At the Barnes, Cézanne apples and friends in an historic exhibit

Benedict Leca, exhibition curator, and Judith F. Dolkart, former Barnes curator, discuss a painting in the exhibition "The World Is an Apple: The Still Lifes of Paul Cézanne."
Benedict Leca, exhibition curator, and Judith F. Dolkart, former Barnes curator, discuss a painting in the exhibition "The World Is an Apple: The Still Lifes of Paul Cézanne." (MICHAEL S. WIRTZ / Staff Photographer)
Posted: June 13, 2014

It may seem a little like bringing coals to Newcastle, but the small show of Cézanne still-life paintings soon to open at the Barnes Foundation is more like bringing a shiny apple to school.

In fact, it's a lot like bringing many apples to school - along with a skull or two.

"The World Is an Apple: The Still Lifes of Paul Cézanne" opens in the Barnes' special exhibition space on June 22 and runs through Sept. 22 before traveling to the Art Gallery of Hamilton in Ontario, where it will be a centerpiece of the gallery's 2014 centennial exhibition season.

It's a compact show, just 21 paintings - 20 oils and a watercolor - borrowed from museums and private collections around the world. Apples and fruit abound, but so do vases of flowers, the aforementioned skulls (one borrowed from the Detroit Institute of Art), and wine bottles aplenty. All on exhibition at the Barnes Foundation, famous, in part, for its vast Cézanne holdings.

"Cézanne has been done in every which way," said Benedict Leca, director of curatorial affairs at the Hamilton art gallery, who conceived of the show and pulled it together. "There have been a series of exhibitions tracing his career, exploring his context, looking at his technique. . . . But there has never been an exhibition of Cézanne still-life paintings. This is one aspect of his work that hasn't been treated."

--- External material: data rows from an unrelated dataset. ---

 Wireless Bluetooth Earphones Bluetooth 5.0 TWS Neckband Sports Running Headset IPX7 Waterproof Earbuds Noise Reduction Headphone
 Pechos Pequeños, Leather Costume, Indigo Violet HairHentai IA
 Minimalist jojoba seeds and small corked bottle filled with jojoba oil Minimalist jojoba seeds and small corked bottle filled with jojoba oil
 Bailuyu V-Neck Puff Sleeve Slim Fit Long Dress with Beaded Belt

Judith F. Dolkart, the Barnes curator who worked with Leca on the show but has since departed from the Barnes to become director of the Addison Gallery of American Art in Andover, Mass., noted that the Barnes collection holds 69 canvases by Cézanne - landscapes and portraits, along with 16 still lifes. (The Barnes has created a new audio guide for its Cézannes.)

"In the Barnes," Dolkart said, "we have the breadth of his production." With this show, visitors will be able to look at a segment of the postimpressionist's work and explore it in depth, she noted.

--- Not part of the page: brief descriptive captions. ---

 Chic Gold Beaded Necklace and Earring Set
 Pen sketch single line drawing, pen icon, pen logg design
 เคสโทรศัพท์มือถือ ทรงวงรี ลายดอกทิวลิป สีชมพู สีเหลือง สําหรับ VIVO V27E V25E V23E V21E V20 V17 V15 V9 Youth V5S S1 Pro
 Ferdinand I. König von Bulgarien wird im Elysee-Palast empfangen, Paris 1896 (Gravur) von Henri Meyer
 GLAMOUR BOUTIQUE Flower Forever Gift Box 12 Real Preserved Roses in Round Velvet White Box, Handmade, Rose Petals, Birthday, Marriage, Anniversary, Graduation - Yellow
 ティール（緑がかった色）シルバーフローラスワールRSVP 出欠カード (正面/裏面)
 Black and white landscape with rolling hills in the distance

Plus, particular works in the "Apple" exhibition are closely related to works in the Barnes' permanent collection.

"There are brother and sister works," she said.

Leca, who edited the exhibition's hefty 240-page catalog, argued that while there never has been a Cézanne show exclusively exploring his still-life compositions, it is the genre in which Cézanne "has the most control and is the most experimental."

Moving closer to a canvas showing a yellow table thrusting to the foreground, and several scattered apples, an ochre pitcher, a bunched drapery to the left, and indefinite but close space behind, Leca showed exactly how Cézanne used the still-life genre to experiment with space and form.

"People talk about his structure and stability," Leca said, pointing to the canvas. "Look at the way this painting is divided - the open background, the accretion of objects. . . . That kind of arrangement allows him to create this composition, which is simple on the one hand and highly thought through on the other."

It so happens, Dolkart said, that the canvas in question, Pitcher and Fruits on a Table (1893-95), was once owned by Albert Barnes, collector extraordinaire and progenitor of the foundation. He swapped it, probably for another Cézanne, but records are unclear which painting in the foundation's collection can be traced to the swap. ( Pitcher and Fruits is now in a private collection.)

"It's interesting to see it," Dolkart said, "not among its former family members."

Apples abound in this small show, obviously, but so do certain specific objects, and a visitor becomes familiar with the ochre pitcher, the blue-rimmed dish, the yellow table, the ginger jar. Cézanne used them over and over again, combining them in ever-more-carefully constructed arrangements.

These objects are also seen in the Barnes collection, like old vagabond friends moving from house to house.

"The table is a familiar player," Dolkart said. "The blue-edge plate is seen in many works. The ginger jar is in the galleries. It's so interesting how he's constantly rearranging them. We call them 'characters.' "

Leca said the Barnes is the ideal place to view these "characters" and to understand how Cézanne worked and reworked them into domestic landscapes of apples rising and massing like mountains; tabletops upturning into a hazy horizon; voluptuous, peasantlike bottles towering over fallen fruits.

"Philadelphia is one of the epicenters of Cézanne studies," Leca said. "I can't think of a better place for this than Philadelphia. An historic first show of Cézanne still lifes at the Barnes Foundation - it all came together."


The World Is an Apple: The Still Lifes of Paul Cézanne

June 22-Sept. 22 at the Barnes Foundation, 20th Street and the Parkway.